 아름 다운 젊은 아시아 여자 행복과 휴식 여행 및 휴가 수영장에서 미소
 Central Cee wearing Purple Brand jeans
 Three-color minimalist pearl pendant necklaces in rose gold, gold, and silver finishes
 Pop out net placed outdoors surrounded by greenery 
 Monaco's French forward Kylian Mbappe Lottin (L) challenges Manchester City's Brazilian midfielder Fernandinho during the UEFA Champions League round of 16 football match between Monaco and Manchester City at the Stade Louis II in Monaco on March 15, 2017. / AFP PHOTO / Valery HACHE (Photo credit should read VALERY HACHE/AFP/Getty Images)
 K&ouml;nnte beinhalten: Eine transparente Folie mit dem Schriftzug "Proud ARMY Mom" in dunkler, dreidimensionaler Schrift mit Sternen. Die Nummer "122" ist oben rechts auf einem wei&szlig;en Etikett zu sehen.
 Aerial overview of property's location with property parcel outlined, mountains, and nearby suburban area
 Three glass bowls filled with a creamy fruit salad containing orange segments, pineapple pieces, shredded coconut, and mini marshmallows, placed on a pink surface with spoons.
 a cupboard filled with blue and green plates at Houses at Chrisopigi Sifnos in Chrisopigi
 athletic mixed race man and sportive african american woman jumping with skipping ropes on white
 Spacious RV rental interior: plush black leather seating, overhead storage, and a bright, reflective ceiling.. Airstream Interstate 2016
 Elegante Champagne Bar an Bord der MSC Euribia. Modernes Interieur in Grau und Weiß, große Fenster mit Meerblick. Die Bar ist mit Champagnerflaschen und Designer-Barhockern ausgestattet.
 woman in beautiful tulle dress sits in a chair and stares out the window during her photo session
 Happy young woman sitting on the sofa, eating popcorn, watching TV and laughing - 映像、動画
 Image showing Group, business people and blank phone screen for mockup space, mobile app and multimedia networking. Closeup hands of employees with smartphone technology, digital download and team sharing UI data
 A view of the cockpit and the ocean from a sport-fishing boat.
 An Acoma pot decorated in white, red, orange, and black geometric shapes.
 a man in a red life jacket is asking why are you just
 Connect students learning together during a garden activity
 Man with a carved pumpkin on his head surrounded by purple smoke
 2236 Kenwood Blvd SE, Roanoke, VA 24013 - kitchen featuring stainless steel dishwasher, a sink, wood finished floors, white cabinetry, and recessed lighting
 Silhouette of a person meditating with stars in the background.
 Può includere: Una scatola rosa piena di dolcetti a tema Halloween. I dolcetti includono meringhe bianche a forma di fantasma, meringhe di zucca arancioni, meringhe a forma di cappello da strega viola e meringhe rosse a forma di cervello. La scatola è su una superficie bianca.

**Task requirements**
Print nothing but the lines from the one that contains "Connect students learning" to the final line of the data, both included, exactly as they read.

**Written response**
 Connect students learning together during a garden activity
 Man with a carved pumpkin on his head surrounded by purple smoke
 2236 Kenwood Blvd SE, Roanoke, VA 24013 - kitchen featuring stainless steel dishwasher, a sink, wood finished floors, white cabinetry, and recessed lighting
 Silhouette of a person meditating with stars in the background.
 Può includere: Una scatola rosa piena di dolcetti a tema Halloween. I dolcetti includono meringhe bianche a forma di fantasma, meringhe di zucca arancioni, meringhe a forma di cappello da strega viola e meringhe rosse a forma di cervello. La scatola è su una superficie bianca.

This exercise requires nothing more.